The idea of writing six Pomp and Circumstance Marches, Op. 39 came soon after the success of his Imperial March (1896), performed at Queen Victoria’s Diamond Jubilee on June 22nd, 1897. The first four were published between 1901 and 1907, when Elgar was about forty, the fifth in 1930, a few years before his death. The sixth is unfinished, it was composed posthumously from composer’s sketches of Elgar’s best-known works, and was printed in 1956 and in 2005-2006. This undoubtedly leads to a different interpretation of the number of his ceremonial marches – are they five or six? Elgar’s idea was that they should be seen as a suite rather than a collection of individual works. This can be traced in their mood – glittering heroism in the first and fourth, contrasting with the subdued brightness of the other three. Most famous among them is the first, Land of Hope and Glory, which became the unofficial second national anthem in the British Empire. The composer borrowed its title from Shakespeare’s Othello.

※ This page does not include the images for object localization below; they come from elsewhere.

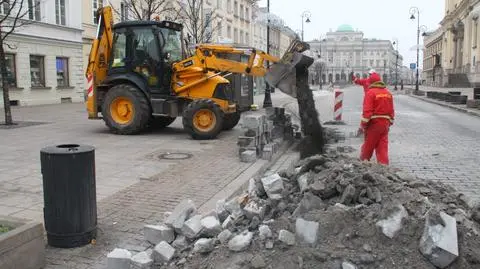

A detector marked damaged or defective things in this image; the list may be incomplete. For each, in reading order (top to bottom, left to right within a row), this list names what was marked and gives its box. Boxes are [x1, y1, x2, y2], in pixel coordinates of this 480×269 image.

broken concrete [106, 247, 131, 268]
broken concrete [143, 223, 175, 244]
broken concrete [153, 241, 175, 262]
broken concrete [164, 199, 196, 230]
broken concrete [229, 229, 255, 250]
broken concrete [296, 217, 318, 246]
broken concrete [376, 204, 408, 238]
broken concrete [418, 210, 460, 266]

It was drafted on 3 June 1901 and completed in July, one month before the second one. His friends contemporaries recount that his central melody was an earlier one; as early as May he had submitted his “devilish pretty popular tune.” The first and second marches were sent for publication in August, and the first was premiered on October 19th, 1901 by the Liverpool orchestra. A few days later it was also performed in London with Henry Wood conducting. The result was sensational, the march was received with ovations, the audience was on its feet and they had to repeat the work, but again the audience did not allow the concert to go ahead and it was then performed a third time.
“Boosey” published the March in 1902. Years later, on May 2nd, 1924 it was included in Elgar’s first broadcast for the BBC, played by the Orchestra of the Royal Philharmonic Society in Westminster Hall, which is still used today for large public ceremonial events.
Arthur Christopher Benson, with whom the composer worked, wrote the text to the march tune and it is often performed in a version with a choir.